I rocked the shit out of doing my avatar! lol That was easy! Yellomelon gave me some tips on picture uploading so I'll try again later & see if I'm smart enough to figure it out But no promises lol


----------



## BigJohn23 (Aug 8, 2012)

the email is going great! I've gotten 3 responses! lol


----------



## Hozay J Garseeya (Aug 8, 2012)

BigJohn23 said:


> the email is going great! I've gotten 3 responses! lol



one of them was mine, pretending to be a woman, so pony up.


----------



## CastingPearls (Aug 8, 2012)

Hozay J Garseeya said:


> one of them was mine, pretending to be a woman, so pony up.


Can I have a unicorn?


----------



## BigJohn23 (Aug 8, 2012)

http://http://s1267.photobucket.com/albums/jj551/BigE2323/?action=view&current=DSCF0634.jpg


----------



## BigJohn23 (Aug 8, 2012)

Pony up? I'm not a piece of meat! lol


----------



## BigJohn23 (Aug 8, 2012)

http://s1267.photobucket.com/albums/jj551/BigE2323/


----------



## CastingPearls (Aug 8, 2012)

BigJohn23 said:


> Pony up? I'm not a piece of meat! lol


Awwww now THAT'S a disappointment. I'm out.


----------



## Hozay J Garseeya (Aug 8, 2012)

dude, be careful with that stereo next to your sink.

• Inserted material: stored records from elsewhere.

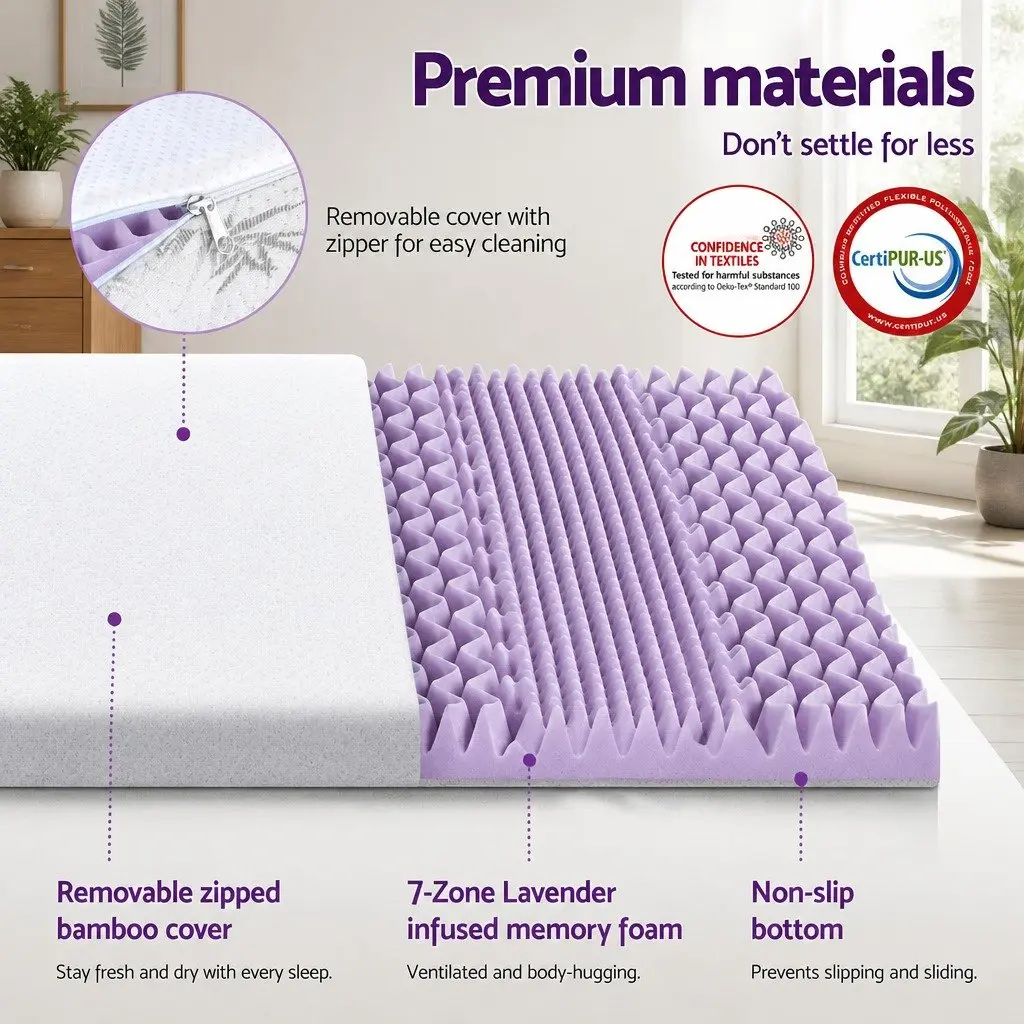 Memory Foam Mattress Topper 8cm Queen Size Lavender Bamboo Cover 7-Zone Support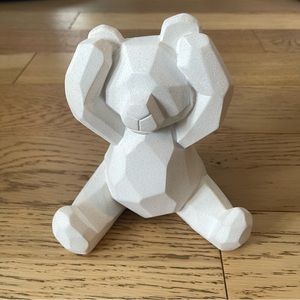 Matte White Ceramic Bear See No Evil Geometric Decor Figurine Knick knack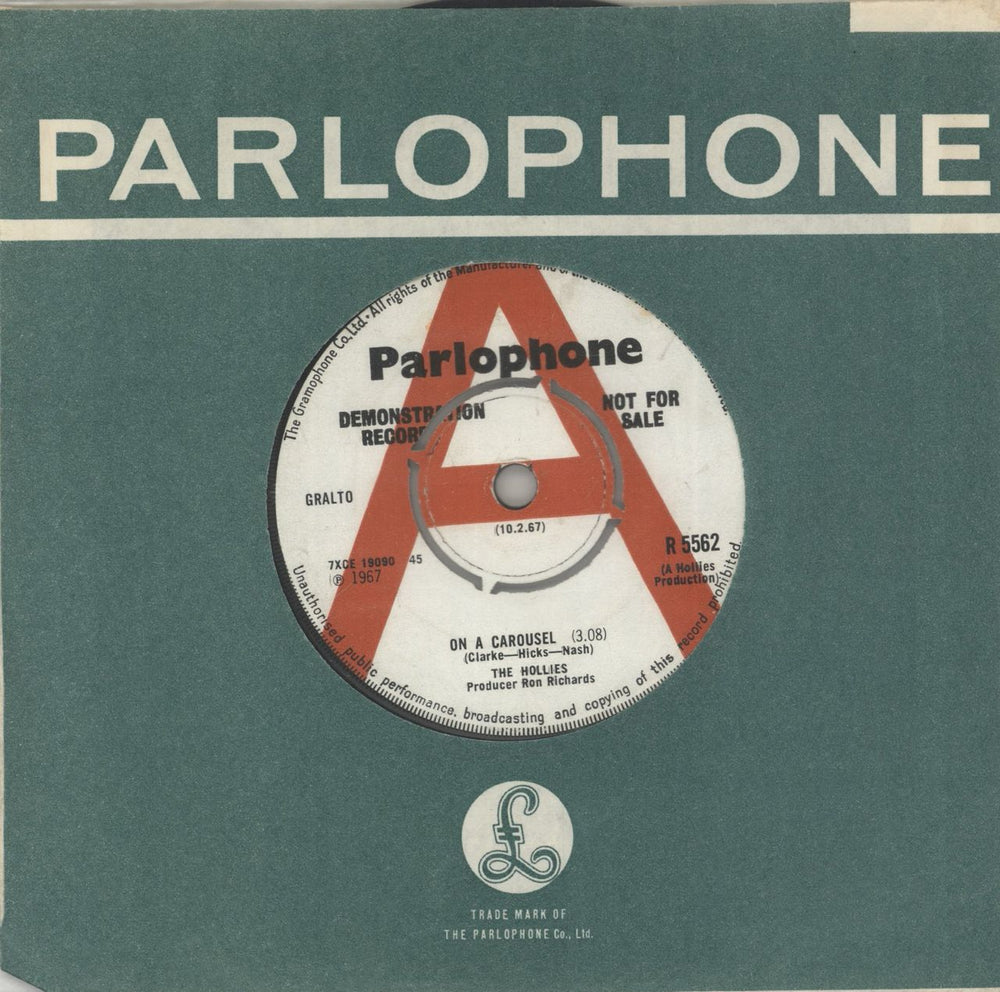 The Hollies On A Carousel - A Label - VG UK Promo 7" vinyl single (7 inch record / 45) R5562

Nice eyes by the way, no homo....maybe homo.


----------



## BigJohn23 (Aug 8, 2012)

has been next to that sink for 10 years lol And thanks for the compliment but don't get any ideas I'm madly in love with vagina!:eat2:


----------



## Paquito (Aug 8, 2012)

Sometimes it's best to just sit there and look pretty.


----------



## CastingPearls (Aug 8, 2012)

Paquito said:


> Sometimes it's best to just sit there and look pretty.


Just because it's easy for you doesn't make it so easy for everyone else there, Juicy.


----------



## Hozay J Garseeya (Aug 8, 2012)

Paquito said:


> Sometimes it's best to just sit there and look pretty.



Paco, you and I are a rare breed.


----------



## Sasquatch! (Aug 8, 2012)

Hozay J Garseeya said:


> Paco, you and I are a rare breed.



The greater-awesomed Mexican Unicorn?

And hey, who hasn't been "madly in love with 'gina" at some point in their life, eh? I got the restraining order overturned last week, so guess who's shopping online for a corgi suit and a train ticket to London?


----------



## YellowMelon (Aug 8, 2012)

Whoaah! :shocked: :wubu:

Nice pics, man!


----------



## Goreki (Aug 8, 2012)

Much appreciated


----------



## HDANGEL15 (Aug 8, 2012)

Sasquatch! said:


> The greater-awesomed Mexican Unicorn?
> 
> And hey, who hasn't been "madly in love with 'gina" at some point in their life, eh? I got the restraining order overturned last week, so guess who's shopping online for a corgi suit and a train ticket to London?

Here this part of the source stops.